Summary
Highlights
A mutation is defined as a change in the DNA base sequence. These changes occur spontaneously, especially during DNA duplication before cell division. Factors that increase the risk of mutations include carcinogens (harmful chemicals in things like cigarette smoke) and certain types of radiation (like x-rays or gamma rays). It's important to remember these factors only increase the risk, they don't guarantee a mutation.
DNA is made of sequences of bases, where every three bases (a triplet or codon) code for a specific amino acid. A chain of amino acids folds to form a protein. If a mutation changes even one base, it can alter the amino acid coded for, leading to a different sequence of amino acids and a different protein shape or function. For example, in an enzyme, this could change the active site, preventing it from binding to its substrate.
Most mutations don't have a significant effect. This is often because they only slightly alter a protein, allowing it to still function effectively. Additionally, many mutations occur in 'non-coding DNA,' which isn't part of a gene and therefore doesn't code for a protein. While much of this non-coding DNA's purpose is unknown, some of it regulates gene expression, determining whether genes are turned on or off.

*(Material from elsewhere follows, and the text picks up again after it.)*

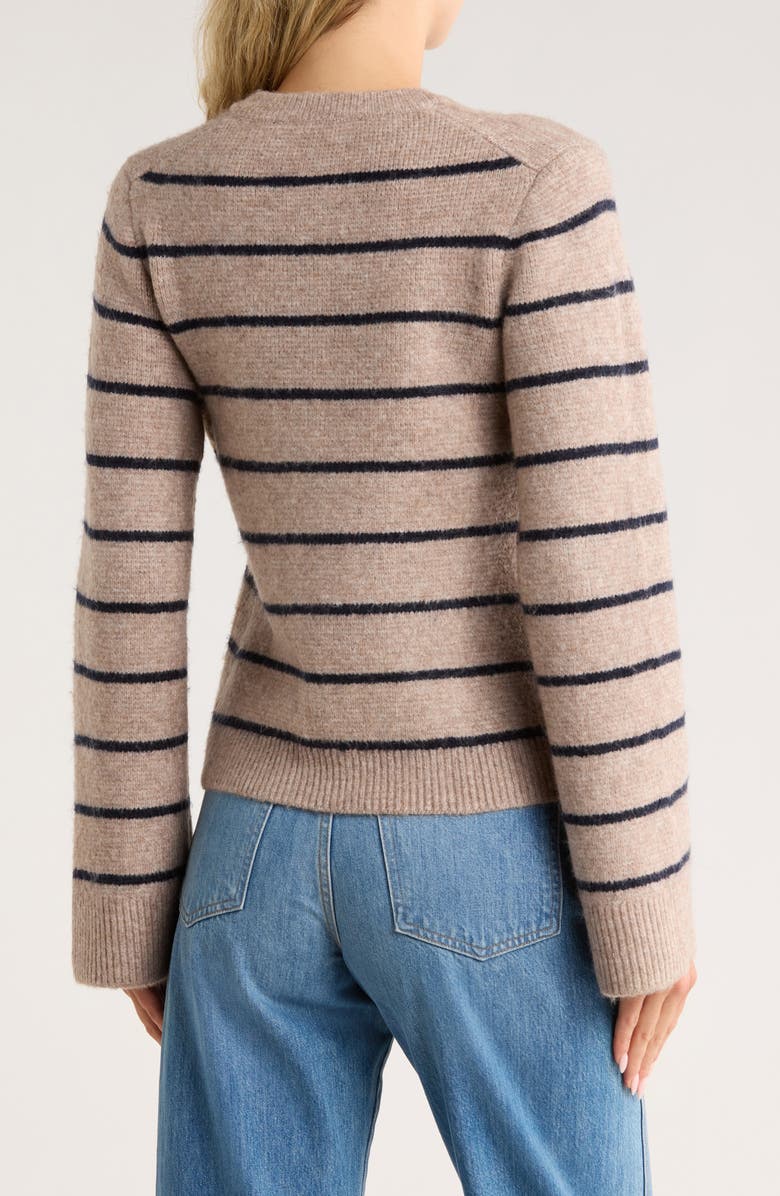 French Connection Structured Stripe Cardigan, Alternate, color, Biscotti/ Navy
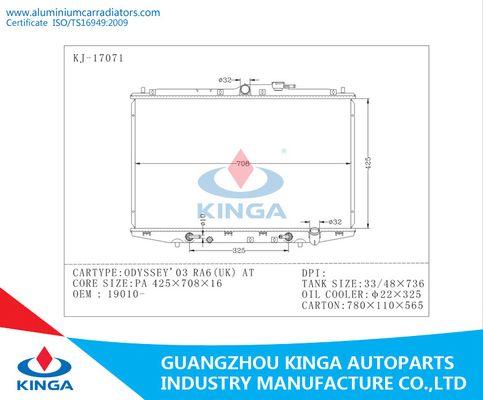 Radiadores del diseñador del OEM 19010 para Honda Odyssey 03 RA6 (Reino Unido) EN PA 16m m proveedor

There are three specific types of mutations: substitutions, insertions, and deletions. A substitution occurs when one base is changed to another. This can alter the codon and, consequently, the amino acid it codes for.
An insertion mutation involves an extra base being added into the DNA sequence. This is typically more impactful than a substitution because it shifts all subsequent bases along by one, altering all subsequent codons. This leads to a completely different amino acid chain from that point onward.
A deletion mutation is when a base is removed from the DNA sequence. Similar to an insertion, a deletion causes all subsequent bases to shift, altering all subsequent codons and leading to significant changes in the amino acid chain.